Exercise requirements
Each line of the records must appear in your answer exactly, with no pictures.

Scraped caption text data

┄┄┄┄┄┄

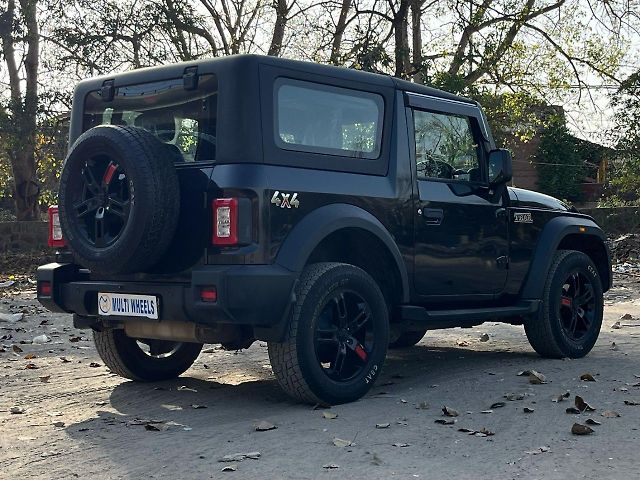 Used Mahindra Thar LX Hard Top Petrol AT RWD in Delhi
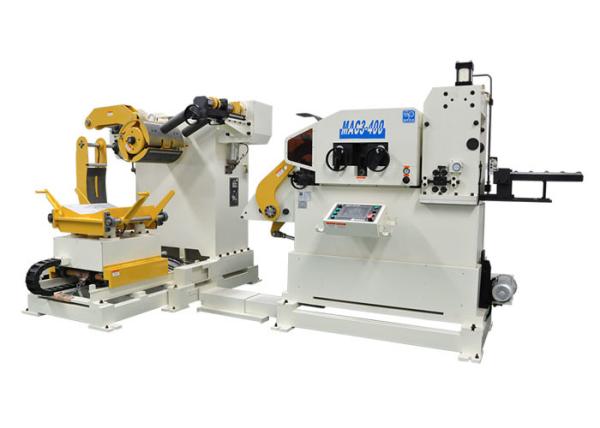 24 máquinas servo do alimentador de m/min NC para a máquina da imprensa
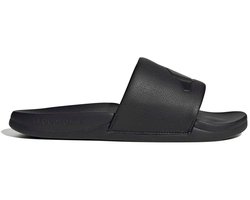Adidas Adilette Comfort 2.0 Slippers Zwart EU 39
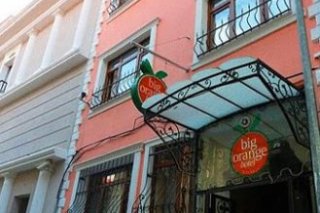 Big Orange Hotel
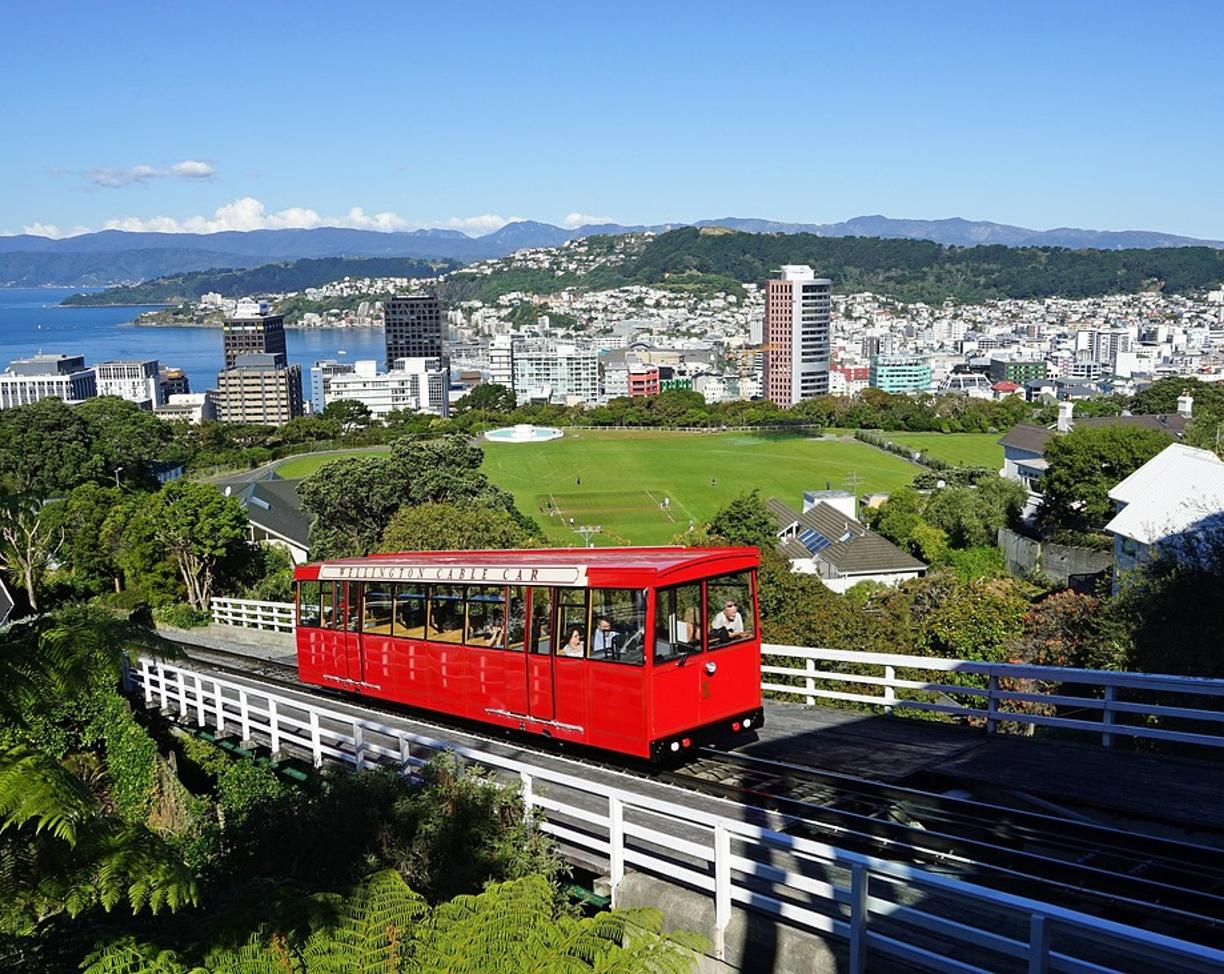Wellington: co zobaczyć w 48 godzin?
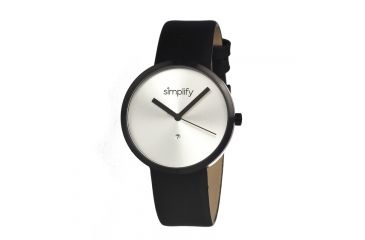 Image of Simplify 1003 The 1000 Watch, Silver SIM1003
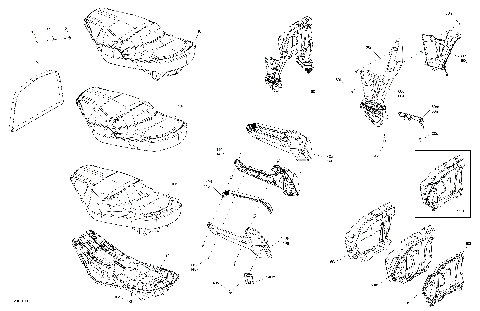 09- Seat - Main Section - ST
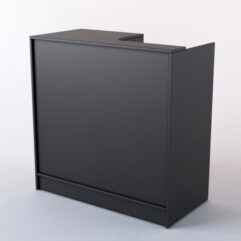 Кассовый прилавок СШ Элит №2, Черный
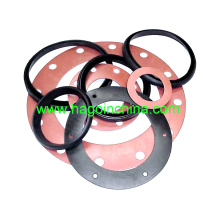 Qingdao Customized Flat Rubber Ring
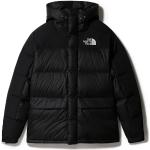 The north face giacca himalayan down parka tnf black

┄┄┄┄┄┄

Result
 Used Mahindra Thar LX Hard Top Petrol AT RWD in Delhi
 24 máquinas servo do alimentador de m/min NC para a máquina da imprensa
Adidas Adilette Comfort 2.0 Slippers Zwart EU 39
 Big Orange Hotel
Wellington: co zobaczyć w 48 godzin?
 Image of Simplify 1003 The 1000 Watch, Silver SIM1003
 09- Seat - Main Section - ST
 Кассовый прилавок СШ Элит №2, Черный
 Qingdao Customized Flat Rubber Ring
 The north face giacca himalayan down parka tnf black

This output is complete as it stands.